[Activity]
After repeating the line containing "Lined Belted Double-Breasted Coat - Grey", stop; until then, repeat each line of the listing below exactly, starting with the first.

[The input]
§
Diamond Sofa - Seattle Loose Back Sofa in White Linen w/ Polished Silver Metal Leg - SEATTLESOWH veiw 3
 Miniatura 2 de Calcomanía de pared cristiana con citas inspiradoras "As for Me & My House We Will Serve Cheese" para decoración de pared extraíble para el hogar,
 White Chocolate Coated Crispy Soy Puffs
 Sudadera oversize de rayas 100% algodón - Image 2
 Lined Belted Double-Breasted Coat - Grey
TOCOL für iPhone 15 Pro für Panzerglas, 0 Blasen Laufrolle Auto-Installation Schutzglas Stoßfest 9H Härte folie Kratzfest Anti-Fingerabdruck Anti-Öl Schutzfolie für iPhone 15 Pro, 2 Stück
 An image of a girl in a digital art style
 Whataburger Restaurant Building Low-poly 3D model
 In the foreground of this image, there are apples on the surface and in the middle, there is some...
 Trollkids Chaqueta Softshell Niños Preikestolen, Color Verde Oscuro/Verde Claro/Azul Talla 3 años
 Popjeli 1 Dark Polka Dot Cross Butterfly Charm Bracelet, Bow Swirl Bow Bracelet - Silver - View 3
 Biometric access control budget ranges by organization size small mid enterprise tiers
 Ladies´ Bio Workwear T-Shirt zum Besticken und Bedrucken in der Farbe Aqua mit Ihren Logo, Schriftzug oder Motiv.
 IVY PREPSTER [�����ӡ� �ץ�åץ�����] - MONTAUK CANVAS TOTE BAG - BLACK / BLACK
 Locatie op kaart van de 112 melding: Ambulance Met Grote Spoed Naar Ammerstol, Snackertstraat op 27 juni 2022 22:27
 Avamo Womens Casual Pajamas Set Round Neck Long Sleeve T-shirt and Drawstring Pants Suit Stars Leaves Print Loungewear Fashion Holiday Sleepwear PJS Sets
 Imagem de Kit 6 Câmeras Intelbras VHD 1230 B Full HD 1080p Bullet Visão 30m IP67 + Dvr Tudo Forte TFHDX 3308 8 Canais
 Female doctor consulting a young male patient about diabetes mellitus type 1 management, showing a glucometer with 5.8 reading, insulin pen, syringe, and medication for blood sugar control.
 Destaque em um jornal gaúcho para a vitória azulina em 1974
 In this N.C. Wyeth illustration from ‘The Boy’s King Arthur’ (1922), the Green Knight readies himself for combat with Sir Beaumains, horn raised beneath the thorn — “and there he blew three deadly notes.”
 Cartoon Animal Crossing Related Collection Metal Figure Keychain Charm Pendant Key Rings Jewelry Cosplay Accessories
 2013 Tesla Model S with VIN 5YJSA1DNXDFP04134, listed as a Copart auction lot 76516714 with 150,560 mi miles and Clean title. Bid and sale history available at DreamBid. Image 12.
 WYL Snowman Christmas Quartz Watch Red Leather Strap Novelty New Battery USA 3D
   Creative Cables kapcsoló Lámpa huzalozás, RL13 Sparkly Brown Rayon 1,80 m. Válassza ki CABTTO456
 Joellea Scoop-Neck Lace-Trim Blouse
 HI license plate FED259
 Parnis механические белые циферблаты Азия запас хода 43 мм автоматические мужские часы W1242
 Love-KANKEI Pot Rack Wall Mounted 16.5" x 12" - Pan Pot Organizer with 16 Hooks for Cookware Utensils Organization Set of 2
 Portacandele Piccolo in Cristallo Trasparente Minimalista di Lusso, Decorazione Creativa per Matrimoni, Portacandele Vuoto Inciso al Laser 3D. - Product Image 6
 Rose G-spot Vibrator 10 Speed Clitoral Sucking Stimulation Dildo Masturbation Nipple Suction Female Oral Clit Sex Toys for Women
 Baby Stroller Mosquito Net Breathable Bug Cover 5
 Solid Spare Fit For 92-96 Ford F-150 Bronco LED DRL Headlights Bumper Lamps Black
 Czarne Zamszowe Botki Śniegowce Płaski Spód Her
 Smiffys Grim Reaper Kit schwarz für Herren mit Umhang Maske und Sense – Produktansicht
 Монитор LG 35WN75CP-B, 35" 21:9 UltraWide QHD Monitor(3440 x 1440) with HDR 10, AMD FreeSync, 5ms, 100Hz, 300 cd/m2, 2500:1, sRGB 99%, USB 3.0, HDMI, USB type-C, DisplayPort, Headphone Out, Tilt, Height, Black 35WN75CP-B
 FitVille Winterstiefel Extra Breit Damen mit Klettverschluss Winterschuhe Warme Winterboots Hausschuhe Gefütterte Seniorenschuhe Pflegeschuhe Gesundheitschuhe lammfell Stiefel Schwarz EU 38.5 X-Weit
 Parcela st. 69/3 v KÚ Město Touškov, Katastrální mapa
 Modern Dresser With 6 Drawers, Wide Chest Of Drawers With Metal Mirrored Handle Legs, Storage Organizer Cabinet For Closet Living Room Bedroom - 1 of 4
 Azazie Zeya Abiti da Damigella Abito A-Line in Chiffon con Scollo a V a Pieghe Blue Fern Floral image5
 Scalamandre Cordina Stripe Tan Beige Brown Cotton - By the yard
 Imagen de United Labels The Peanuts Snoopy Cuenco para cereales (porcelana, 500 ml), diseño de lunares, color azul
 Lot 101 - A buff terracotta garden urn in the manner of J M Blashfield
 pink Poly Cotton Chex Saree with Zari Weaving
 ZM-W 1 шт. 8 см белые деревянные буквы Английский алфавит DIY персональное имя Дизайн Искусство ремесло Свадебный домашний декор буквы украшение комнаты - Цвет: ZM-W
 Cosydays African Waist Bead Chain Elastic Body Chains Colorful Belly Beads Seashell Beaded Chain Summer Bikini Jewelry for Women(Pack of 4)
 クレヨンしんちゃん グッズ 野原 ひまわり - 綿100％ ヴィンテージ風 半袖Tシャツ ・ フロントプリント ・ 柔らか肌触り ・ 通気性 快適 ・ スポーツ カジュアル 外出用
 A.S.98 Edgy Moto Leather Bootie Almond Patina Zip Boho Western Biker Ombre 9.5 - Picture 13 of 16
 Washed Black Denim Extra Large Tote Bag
§
[Output]
Diamond Sofa - Seattle Loose Back Sofa in White Linen w/ Polished Silver Metal Leg - SEATTLESOWH veiw 3
 Miniatura 2 de Calcomanía de pared cristiana con citas inspiradoras "As for Me & My House We Will Serve Cheese" para decoración de pared extraíble para el hogar,
 White Chocolate Coated Crispy Soy Puffs
 Sudadera oversize de rayas 100% algodón - Image 2
 Lined Belted Double-Breasted Coat - Grey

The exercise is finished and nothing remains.